The Fifth Circuit seems to have won a reputation for using “license” to toughen class certification standards, at least in securities law cases.[7]
Pleading: How has the Twombly pleading test impacted antitrust class certification cases? Have there been changes in the types of antitrust class actions you are seeing? Are nearly all cases section 1 price fixing cases?
The courts of appeals have just started grappling with how Twombly and Iqbal affect class certification. None seems to have addressed the question yet. In at least one case, a district court rejected a defense motion to deny class certification under Twombly and Iqbal, holding that the complaint does not “fail[] to plausibly allege fact consistent with a class action.”[8]
But the question remains of how Twombly’s plausibility test intersects with Hydrogen Peroxide, In re IPO,[9] and other decisions that require some delving into the merits. The Third Circuit hinted at an answer in In re Ins. Brokerage Antitrust Litig., where the court noted that “Twombly aligns the pleading standard with the summary judgment standard” by requiring “evidence of record . . . of ‘something more than merely parallel behavior’ . . . something ‘plausibly suggest[ive of] (not merely consistent with) agreement’”.[10] If Twombly defines the summary judgment standard, doesn’t it also set the test for whether plaintiffs have shown, by a preponderance of the evidence, that they have satisfied the predominance requirement of Rule 23(b)(3)? Common issues can’t predominate, the reasoning goes, if the class-wide evidence that plaintiffs offer (to show, for example, antitrust impact) fails to support a plausible antitrust claim. As a formal matter, plaintiffs may have to show under Rule 23 that they can support their Twombly-plausible antitrust claims with evidence common to all, or almost all, class members.

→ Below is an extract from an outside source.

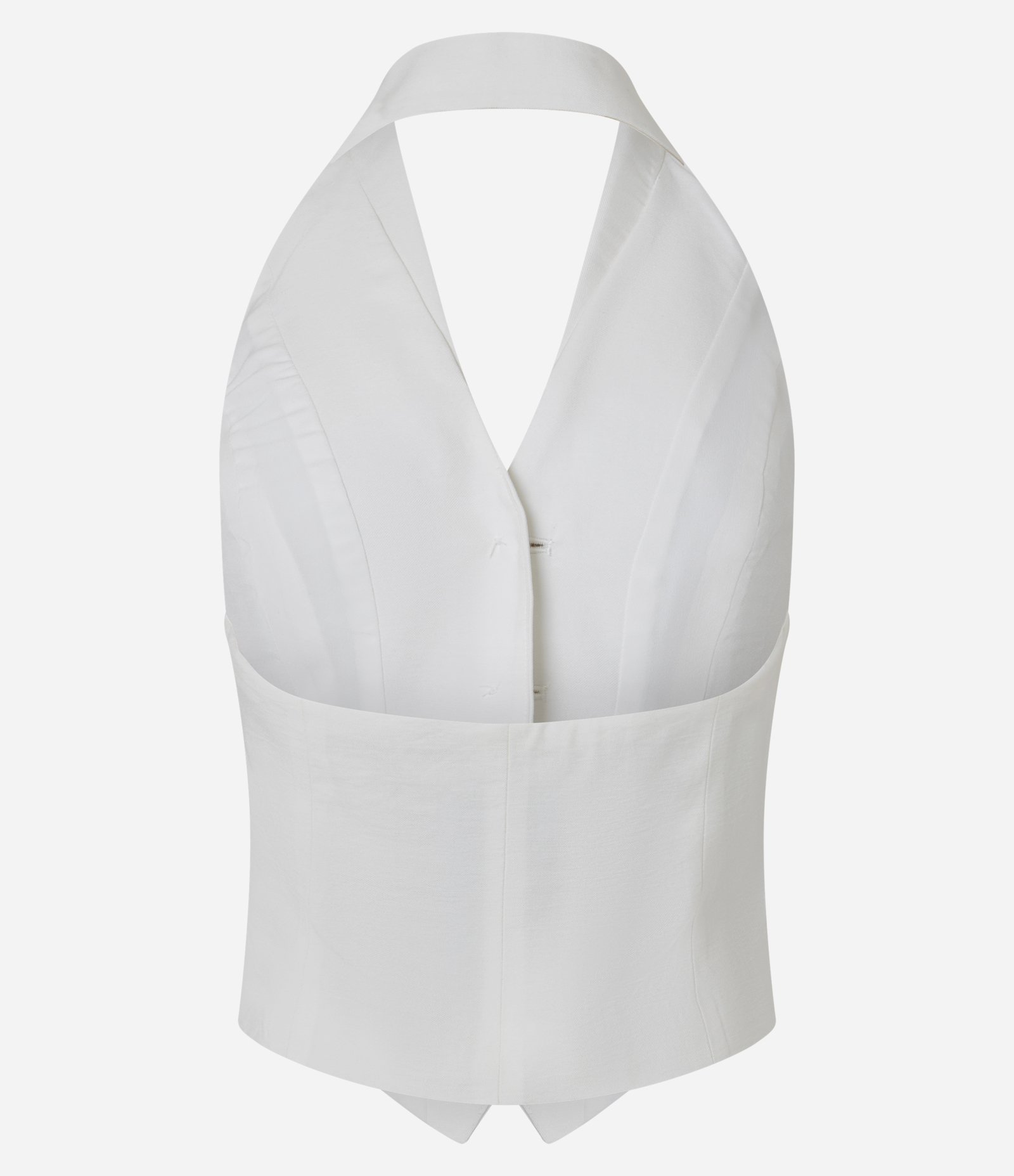 Colete Slim Alfaiatado de Frente Única em Viscose Off White 7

Case management/scheduling. Does dividing discovery into class and merits phases make sense — for judicial economy? For plaintiffs? For the defense? What is the common practice now — concurrent class and merits work or staggered? Have you seen any innovations in case management or scheduling?

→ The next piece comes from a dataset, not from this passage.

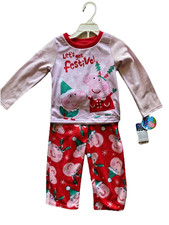 Peppa Pig Toddler Girl  s Let  s Get Festive Pajamas Size 2T NEW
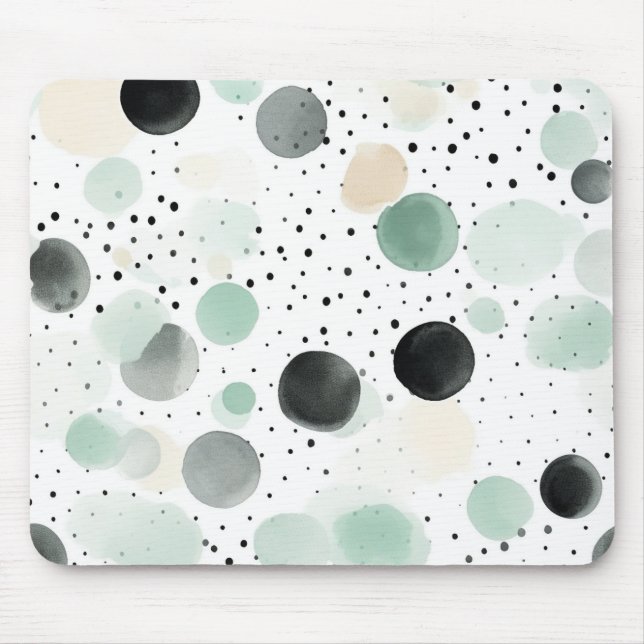 Mint Cream Black Whimsical Dots Mouse Pad (Front)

Putting discovery into class and merits phases never did make much sense for plaintiffs, and it makes even less sense now. Under Hydrogen Peroxide, IPO, and like decisions, plaintiffs must furnish evidence that shows, by a preponderance, their ability to support plausible antitrust claims with proof common to the class. They can’t get away with saying we think we can establish, for example, that almost all class members sustained antitrust injury/impact and that they can calculate damages using a class-wide methodology. And of course the Supreme Court in Twombly pooh-poohed the very idea of phasing discovery in antitrust cases, deeming it “an undertaking not easily susceptible to the kind of line drawing and case management that the dissent envisions.”[11]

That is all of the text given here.